In the kingdom of Stonedragon, Fairy Queen Sinead is giving birth. She’s in the rose garden during a rainstorm with her fairy midwife, Maureen. Instead of going inside, the queen says, “My daughter is not some insipid princess to be petted….She is a fey creature.” But Sinead hardly meets her daughter—the queen dies immediately after the birth. Sinead’s mother, the fey Sorcha, insists that the child, named Rowan, is poisonous. In the ensuing years, King Balder takes a new wife, Gwyneth, and Princess Rowan grows into an androgynous little spitfire, better suited to tumbling in mud than wearing gowns. Gwyneth eventually gives birth to Roisin, who is displayed for visitors at the age of 6 months. Sorcha isn’t invited but arrives anyway. She places a curse on the infant, threatening that when Roisin turns 16, Rowan will break her sister’s heart and poison her with a finger pricked on a spindle.

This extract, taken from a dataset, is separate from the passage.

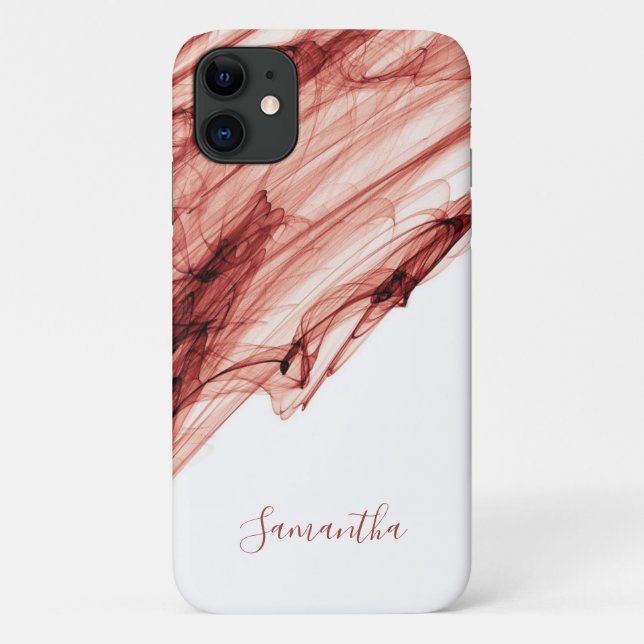 Capa Para iPhone 11 Ruby Smoking Red White, elegante, personalizado (Verso)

To fight the curse, three of Sinead’s fey aunts—Alma, Bride, and Cianna—offer to hide Roisin in anonymity until she turns 16. In this intricate twist on the “Sleeping Beauty” fairy tale, Caryn takes the motif of stolen innocence and runs with it through some dark emotional thickets. Rowan spends her teenage years forging herself into a knight despite the mockery of her father’s men and his own disapproval. Single-minded in the tasks of killing Sorcha and saving Roisin, the princess remains joyless until she begins exchanging letters with Prince Gavin of nearby Turrlough. Though they’ve never met, love blossoms when she realizes that “the days that pass between our correspondences are somehow less real, less important.” The curse, however, is a complex one; it frays the bonds among everyone else who cares for Roisin and constantly makes Rowan question her self-worth. And though Caryn’s debut features magic and swordsmanship, casual fantasy readers may be blindsided by the narrative’s maturity. The last page is nothing anybody might expect and a far cry from “The End.”
This hopeful adult fairy story focusing on two siblings glows with emotional complexity.